I've floated the idea around a few times on this board and a few others.  There are always a few doomsayers that point out it will totally wreck melee combat, but I don't look at that as entirely a bad thing.  It makes larger creatures much scarier, but that was 9/10's my reasoning behind adopting it.  A housecat and a tarrasque shouldn't be making the same "minor adjustment" in movement.  
The way I phrased it was creatures could take a "Single Step" equal to their Space, which you'll note is a lot like your method but it was easier for me to remember.  I've only ran it in a couple of test combats, but I floated the idea past a couple of my regular players and they liked it so I might try it out in the next game I run.  

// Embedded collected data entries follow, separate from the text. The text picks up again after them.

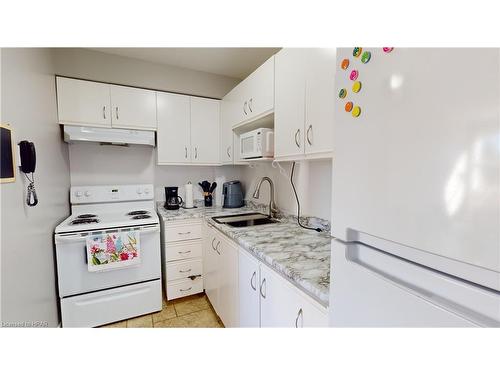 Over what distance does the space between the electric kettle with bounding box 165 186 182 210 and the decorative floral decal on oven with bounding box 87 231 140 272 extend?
629mm

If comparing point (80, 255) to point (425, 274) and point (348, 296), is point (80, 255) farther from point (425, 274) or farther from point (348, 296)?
Answer: point (425, 274)

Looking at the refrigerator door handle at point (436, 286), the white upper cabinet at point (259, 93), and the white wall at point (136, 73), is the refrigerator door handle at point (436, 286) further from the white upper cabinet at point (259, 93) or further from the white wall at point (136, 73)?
the white wall at point (136, 73)

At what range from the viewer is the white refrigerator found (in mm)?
360

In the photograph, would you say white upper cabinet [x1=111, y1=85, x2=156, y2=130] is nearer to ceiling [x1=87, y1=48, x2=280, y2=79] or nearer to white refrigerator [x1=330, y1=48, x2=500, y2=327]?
ceiling [x1=87, y1=48, x2=280, y2=79]

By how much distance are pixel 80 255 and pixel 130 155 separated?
117cm

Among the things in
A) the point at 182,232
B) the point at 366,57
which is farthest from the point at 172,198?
the point at 366,57

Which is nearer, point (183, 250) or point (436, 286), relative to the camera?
point (436, 286)

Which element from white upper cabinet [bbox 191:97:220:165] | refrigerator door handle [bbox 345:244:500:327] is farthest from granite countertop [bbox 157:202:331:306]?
white upper cabinet [bbox 191:97:220:165]

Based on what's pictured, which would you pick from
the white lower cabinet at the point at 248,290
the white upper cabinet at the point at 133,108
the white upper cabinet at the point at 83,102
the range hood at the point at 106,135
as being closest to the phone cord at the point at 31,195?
the range hood at the point at 106,135

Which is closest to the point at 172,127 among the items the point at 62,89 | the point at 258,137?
the point at 62,89

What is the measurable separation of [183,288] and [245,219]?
3.18 feet

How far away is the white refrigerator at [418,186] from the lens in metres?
0.36

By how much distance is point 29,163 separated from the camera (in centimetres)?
126

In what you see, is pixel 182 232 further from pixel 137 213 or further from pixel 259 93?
pixel 259 93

Some notes.  It does make larger combatants more deadly in melee combat, because they can move (slightly) farther and still full attack.  You might want to bump the CR's a bit to reflect this.  I was using +1 per Size Cat as a baseline, but you'll probably want to run that by someone who's better with CR's (I use it as a ballpark convenience).  The spell Enlarge Person is more useful, so you might consider bumping it to 2nd level.  Or, you can consider it a necessary tool in the Giant Killer's Bag o' Tricks, and leave it at level 1.  (My inclination is to leave it at 1st level just so the extra move isn't a "monster only" advantage, but YMMV.)

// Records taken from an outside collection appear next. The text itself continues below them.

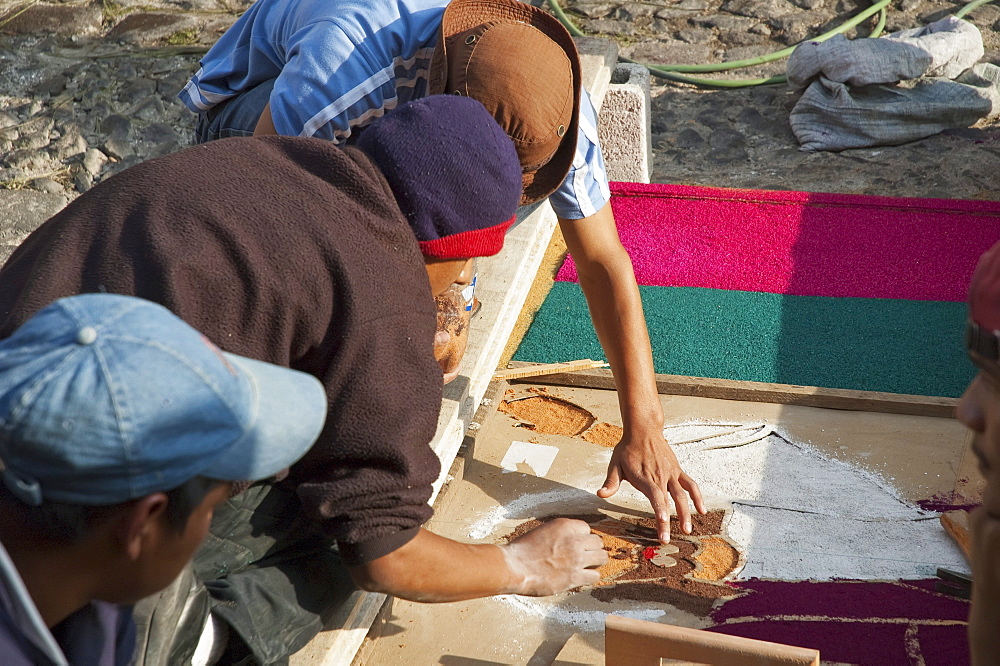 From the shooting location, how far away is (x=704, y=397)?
308 cm

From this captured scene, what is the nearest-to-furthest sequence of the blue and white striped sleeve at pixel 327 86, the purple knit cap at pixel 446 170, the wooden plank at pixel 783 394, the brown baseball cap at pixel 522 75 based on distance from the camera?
the purple knit cap at pixel 446 170 < the brown baseball cap at pixel 522 75 < the blue and white striped sleeve at pixel 327 86 < the wooden plank at pixel 783 394

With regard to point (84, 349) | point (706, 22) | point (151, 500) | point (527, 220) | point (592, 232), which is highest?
point (84, 349)

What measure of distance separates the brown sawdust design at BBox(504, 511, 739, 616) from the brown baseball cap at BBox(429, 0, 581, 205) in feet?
3.14

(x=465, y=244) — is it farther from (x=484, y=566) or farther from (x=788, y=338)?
(x=788, y=338)

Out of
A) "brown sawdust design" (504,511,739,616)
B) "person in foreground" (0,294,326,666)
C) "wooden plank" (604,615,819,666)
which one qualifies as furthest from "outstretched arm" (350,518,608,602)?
"person in foreground" (0,294,326,666)

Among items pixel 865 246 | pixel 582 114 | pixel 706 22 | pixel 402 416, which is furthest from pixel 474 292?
pixel 706 22

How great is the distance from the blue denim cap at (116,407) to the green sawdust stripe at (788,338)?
2271 mm

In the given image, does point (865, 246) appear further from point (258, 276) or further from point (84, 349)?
point (84, 349)

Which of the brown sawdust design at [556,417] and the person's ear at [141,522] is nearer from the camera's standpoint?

I was looking at this as a way to make larger combatants scarier and more deadly, so I was planning on using less of them so that when they do show up, their presence is more dramatic.  Kind of like the cave troll in LOTR.  Its a way to make larger monsters scarier without necessaruly bumping their HD.  Fighting a Large Ogre is different than fighting a 4HD orc.  That was the effect I was going for.